By Sue Lau on August 05, 2002
"Posted by request."
Serving Size: 1 (89 g)
Servings Per Recipe: 4
"Excellent. This is how I usually prepare my tofu now. I have made this about a dozen times but from reading other reviews and personal preferences I make the following changes: first, I use only about 1 teaspoon of seasoning salt instead of 2 teaspoons regular salt. I found it doesn't need the cornstarch so just use the peanut oil and use a teflon pan when I fry it so it doesn't stick even a bit. Delicious, I love tofu made this way. Thanks for posting."
"I added less than half the amount of salt it called for and still found it to be too salty. Other than that, it cooked well and had a great consistency. The taste would have been great if not for the abundant salt."
"This was pretty good. Too salty for me (and I added less as instructed after reading some comments below) but it was incredibly easy and quick to make. I served it with some grilled asparagus and rice but we actually preferred grabbing them off the plate and snacking on them the next day, as opposed to using them for a meal."
"I thought that the tofu was too salty for my taste but my bf almost ate the whole thing. i also marinated the tofu in the salt/pepper/garlic for about half an hour. I will use less salt next time."
"This adds a nice touch to plain tofu! I read other reviews and did reduce the salt portion to half. But, it was still a little too salty for my taste. Next time, I'll probably use only half a teaspoon of salt. Other than that, great flavor and super easy to make! Thanks for the recipe!"
"certainly have to agree on it tasting better than plain tofu..but not the best tasting tofu i've ever tasted either."
"this was okay. i just pan fried it minus the oil to make it as healthy as possible. definitely less salt! thanks..."
"I didn't expect this to be SO good, but it is now my favorite tofu! I did things a little differently. I just sliced the tofu, coated both sides with the spices, let it sit 15 mins or so, coated it and dry fried it with no oil. I LOVE IT! And it couldn't be easier."

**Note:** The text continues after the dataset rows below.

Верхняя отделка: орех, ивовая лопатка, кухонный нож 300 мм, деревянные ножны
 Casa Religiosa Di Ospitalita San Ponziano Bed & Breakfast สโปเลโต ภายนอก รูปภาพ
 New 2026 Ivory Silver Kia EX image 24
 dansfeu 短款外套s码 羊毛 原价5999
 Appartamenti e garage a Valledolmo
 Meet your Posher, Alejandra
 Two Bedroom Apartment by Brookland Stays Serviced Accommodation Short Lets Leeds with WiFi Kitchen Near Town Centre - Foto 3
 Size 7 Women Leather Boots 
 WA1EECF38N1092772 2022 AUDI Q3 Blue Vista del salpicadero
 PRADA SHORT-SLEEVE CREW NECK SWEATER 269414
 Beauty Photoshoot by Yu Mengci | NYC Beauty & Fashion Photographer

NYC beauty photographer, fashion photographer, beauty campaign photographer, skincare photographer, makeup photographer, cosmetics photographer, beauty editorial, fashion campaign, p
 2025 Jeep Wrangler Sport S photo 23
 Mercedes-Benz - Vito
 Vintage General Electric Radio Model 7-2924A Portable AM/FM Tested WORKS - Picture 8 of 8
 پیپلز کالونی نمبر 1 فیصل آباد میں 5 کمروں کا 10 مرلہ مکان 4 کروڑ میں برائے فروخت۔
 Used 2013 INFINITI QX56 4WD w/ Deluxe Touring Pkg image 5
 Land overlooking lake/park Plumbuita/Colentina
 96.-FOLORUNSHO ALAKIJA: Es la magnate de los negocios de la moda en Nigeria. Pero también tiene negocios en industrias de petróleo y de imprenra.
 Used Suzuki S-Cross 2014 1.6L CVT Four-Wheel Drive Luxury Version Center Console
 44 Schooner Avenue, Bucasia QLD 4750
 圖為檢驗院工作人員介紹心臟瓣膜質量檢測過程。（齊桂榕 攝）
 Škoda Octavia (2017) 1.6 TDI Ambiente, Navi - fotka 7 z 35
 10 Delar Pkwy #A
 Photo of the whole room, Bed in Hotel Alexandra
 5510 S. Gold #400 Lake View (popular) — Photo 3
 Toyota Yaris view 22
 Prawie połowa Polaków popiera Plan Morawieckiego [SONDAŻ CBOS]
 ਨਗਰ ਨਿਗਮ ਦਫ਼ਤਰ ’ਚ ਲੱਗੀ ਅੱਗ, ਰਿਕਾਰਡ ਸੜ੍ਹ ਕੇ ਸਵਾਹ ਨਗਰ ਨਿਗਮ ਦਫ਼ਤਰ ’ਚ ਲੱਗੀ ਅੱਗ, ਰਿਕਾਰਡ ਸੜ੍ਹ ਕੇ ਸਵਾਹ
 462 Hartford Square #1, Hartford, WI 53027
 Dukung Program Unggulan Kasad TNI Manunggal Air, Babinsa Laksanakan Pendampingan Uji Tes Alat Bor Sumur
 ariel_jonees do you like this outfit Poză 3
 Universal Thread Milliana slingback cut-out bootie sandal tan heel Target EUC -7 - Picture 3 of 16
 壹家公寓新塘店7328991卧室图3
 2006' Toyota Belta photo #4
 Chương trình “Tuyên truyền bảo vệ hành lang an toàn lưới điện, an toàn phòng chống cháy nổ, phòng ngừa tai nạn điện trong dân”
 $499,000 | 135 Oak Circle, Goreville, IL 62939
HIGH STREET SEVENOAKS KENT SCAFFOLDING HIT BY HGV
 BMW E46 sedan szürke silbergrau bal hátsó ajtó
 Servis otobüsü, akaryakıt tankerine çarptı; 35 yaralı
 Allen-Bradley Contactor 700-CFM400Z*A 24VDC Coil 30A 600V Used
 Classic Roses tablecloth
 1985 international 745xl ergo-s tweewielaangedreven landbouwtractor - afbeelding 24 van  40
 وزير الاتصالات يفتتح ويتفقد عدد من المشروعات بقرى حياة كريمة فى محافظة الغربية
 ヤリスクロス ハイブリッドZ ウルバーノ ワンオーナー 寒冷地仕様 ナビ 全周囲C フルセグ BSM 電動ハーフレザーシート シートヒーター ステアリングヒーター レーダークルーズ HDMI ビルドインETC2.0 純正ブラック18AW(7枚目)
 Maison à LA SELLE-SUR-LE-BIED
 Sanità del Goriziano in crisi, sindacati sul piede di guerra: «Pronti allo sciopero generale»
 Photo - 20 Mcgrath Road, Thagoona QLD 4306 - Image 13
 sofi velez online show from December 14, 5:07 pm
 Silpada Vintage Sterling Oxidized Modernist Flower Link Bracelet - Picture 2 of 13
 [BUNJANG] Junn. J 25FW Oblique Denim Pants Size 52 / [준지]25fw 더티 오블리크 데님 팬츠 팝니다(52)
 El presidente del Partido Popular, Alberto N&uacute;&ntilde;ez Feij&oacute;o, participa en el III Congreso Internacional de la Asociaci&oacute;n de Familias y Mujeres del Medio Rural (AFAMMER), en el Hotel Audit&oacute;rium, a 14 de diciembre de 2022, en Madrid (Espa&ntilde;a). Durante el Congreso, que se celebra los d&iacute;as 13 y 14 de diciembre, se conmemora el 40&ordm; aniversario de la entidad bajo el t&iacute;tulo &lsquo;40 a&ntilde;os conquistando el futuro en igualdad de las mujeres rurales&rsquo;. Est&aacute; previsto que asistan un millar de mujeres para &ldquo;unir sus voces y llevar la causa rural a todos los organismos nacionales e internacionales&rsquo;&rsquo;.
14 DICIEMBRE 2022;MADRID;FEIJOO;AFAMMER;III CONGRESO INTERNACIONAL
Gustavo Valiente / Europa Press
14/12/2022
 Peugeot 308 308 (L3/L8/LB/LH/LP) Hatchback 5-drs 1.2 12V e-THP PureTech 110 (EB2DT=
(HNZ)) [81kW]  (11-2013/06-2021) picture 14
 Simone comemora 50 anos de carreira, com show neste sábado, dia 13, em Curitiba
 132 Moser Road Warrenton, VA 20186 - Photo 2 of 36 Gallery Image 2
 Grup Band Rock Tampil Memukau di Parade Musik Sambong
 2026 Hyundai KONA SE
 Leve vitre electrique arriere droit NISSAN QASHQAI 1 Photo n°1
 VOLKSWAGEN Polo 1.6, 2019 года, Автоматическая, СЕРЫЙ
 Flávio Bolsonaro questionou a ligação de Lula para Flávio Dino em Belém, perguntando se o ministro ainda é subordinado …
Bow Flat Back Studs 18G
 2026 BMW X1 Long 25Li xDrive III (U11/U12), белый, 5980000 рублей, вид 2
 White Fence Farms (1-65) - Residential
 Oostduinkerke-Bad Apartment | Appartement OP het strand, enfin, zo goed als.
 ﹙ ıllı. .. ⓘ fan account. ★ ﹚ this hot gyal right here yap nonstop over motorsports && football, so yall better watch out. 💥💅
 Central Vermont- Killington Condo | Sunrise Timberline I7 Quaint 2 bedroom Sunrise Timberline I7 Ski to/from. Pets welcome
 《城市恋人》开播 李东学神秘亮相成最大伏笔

"Agree on using less salt. For flair, I added red pepper flakes to the marinade. Diced up some red, green and yellow peppers along with some vidalia onion and served all over rice with soy sauce. A keeper!"
"Very nice dish. I went a little too heavy handed with the salt though, must remember that tofu readily absorbs flavorings, so will be more careful next time. Thank you for posting."
"This was delicious! I'm always trying to find ways to make tofu more appetizing to anti-tofu-ers. This did the trick! :)"
"This is an excellent recipe. It's easy to make, and the ingredients are always handy. A friend who swore he *never* likes tofu had to admit that this was really good. We had it with veggie Singapore noodles (yummy curry flavor) and mixed fresh vegetables. I'll definitely make this again."
"So yummy! I cut the tofu into fat sticks instead of cubes, and the salt and pepper flavor reminded me of french fries. I was worried that they might need a dipping sauce but they were great on their own as a side to the rest of our meal (peanut noodles and spinach sauteed with garlic)."
"I tried this with firm silken style tofu as my regular cotton wrapped tofu had decided to sleep with the fishes. It actually came out really well i cooked the triangle shapes untill they were almost black on the ouside and was rewarded with a crispy outside coating a gooey creamy inside. I loved it the bigger half thought it was ok (but admitted he dosent really like tofu) so i ate his too. cant wait to try it with cotton tofu too! "
"YUM! So easy to make and tastes just like it does in restraurants. I served it with jasmine rice and stirfried veges with cashews (as a side). Be careful- very addictive!"
"Easy to make and very delicious. I would definitely make this dish again. Thank you for the recipe :) Served with coconut rice. Yummy and quick to prepare !!!!"